Two years ago, The New York Times Columnist David French I complainThe Supreme Court “created a doctrinal confusion that has confounded America’s gun law” by saying gun laws “must be consistent with the historical tradition of gun control in this country.” Last week, the Supreme Court backed away from the brink, French suggests, by upholding a federal law that disarms people who are the subject of domestic violence restraining orders.
This opinion is somewhat misleading because all eight justices who voted in favor of the decision Law It plausibly argued that it was following the approach laid out by the court in the 2022 case. New York State Rifle and Pistol Association v. BruenBut French is by no means alone among Second Amendment advocates who think the test is unrealistic.
Blue En The Supreme Court explicitly rejected a “balancing interests” test, which would have required judges to weigh the burdens of gun control against the potential benefits. This approach would have given judges the power to approve restrictions that they deemed reasonable. Blue En They argue that the law replaces one type of unlimited discretion with another, encouraging judges to express personal bias when determining whether a challenged law bears a “relevant similarity” to “historical analogs” identified by the government.
Most of the writing last week United States v. RahimiChief Justice John Roberts concluded that “our tradition of firearms control permits the government to disarm individuals who pose a credible threat to the physical safety of others.” That description applies to at least some people subject to federal bans, including the defendants in this case. Roberts found precedent for this policy in “bond” laws, which require individuals suspected of threatening to post bond that can be forfeited if they “breach the peace.”
Justice Clarence Thomas, who wrote the majority opinion, Blue En And Saul Objection in Rahimiacknowledged that the Surety Act “shares a common justification” with laws that disarm people under restraining orders. But he argued that there is no “relevant similarity” to the Surety Act because the Surety Act “imposes a much lighter burden.”

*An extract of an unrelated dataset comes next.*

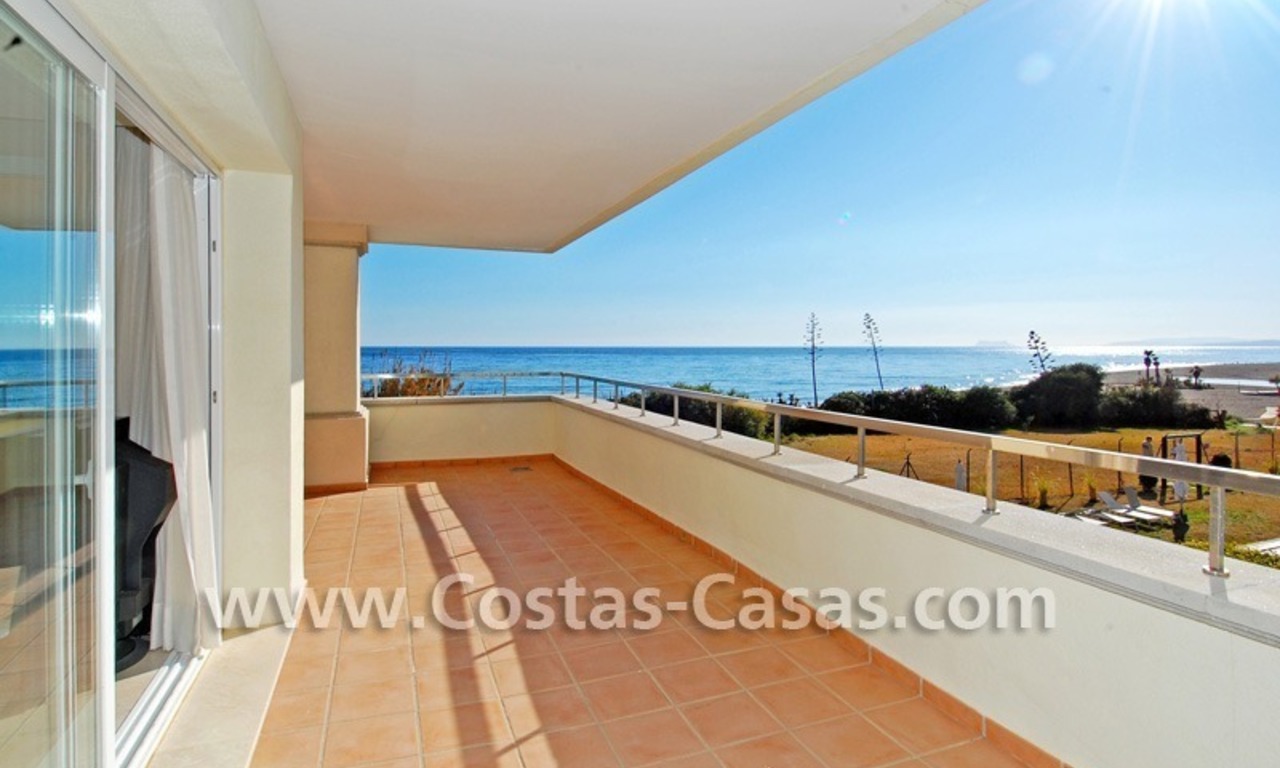 Apartamento de lujo, primera línea de playa, en venta en un complejo exclusivo frente al mar, Nueva Milla de Oro, Marbella - Estepona 1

Despite this disagreement, Roberts et al. Blue En He noted that the test does not require a “look-alike” or “historical twin,” saying such a requirement would “suggest a law trapped in amber.” And the fact that the justices disagreed on how to apply the constitutional standard, as is often the case, does not in itself mean that the test is unworkable.
in Pro-opinionBut Justice Ketanji Brown Jackson noted that “lower courts have struggled to apply it.” Blue En Consistently “diverging in both approach and outcome” New Research Research by three law professors, Rebecca Brown, Lee Epstein and Mitu Gulati, reinforces that impression.
rear Blue EnThe report found that federal courts have heard more Second Amendment cases and have a higher success rate, but concluded that “judicial discretion, as measured by partisanship, has not been limited.”
On the contrary, Brown and his colleagues note that there is increasing agreement between justices’ decisions and the political party of the president who appointed them. Blue En “It gives judges a great deal of arbitrary discretion and invites partisan bias.”
Clark Neily of the Cato Institute: simple in Rahimi criticized the law on due process grounds; Assert Although the Supreme Court has rejected the “balance of interests” analysis, it has taken essentially the same approach under the guise of “text/history/tradition.” HugeIf not recognized, it will play a role in determining the outcome of the case.”
but, Blue En It has limited judicial discretion in at least some cases. For example, faced with a wave of state laws banning guns from a long list of “sensitive locations,” federal judges predictably disagreed about the validity of the government’s historical analogies but Republican and Democratic The appointed person.
Although there are drawbacks, Blue En This test has undoubtedly been effective in striking down constitutionally questionable gun laws. Whether it works in your favor depends on whether you view the Second Amendment as an inconvenient relic or an important guarantee of fundamental rights.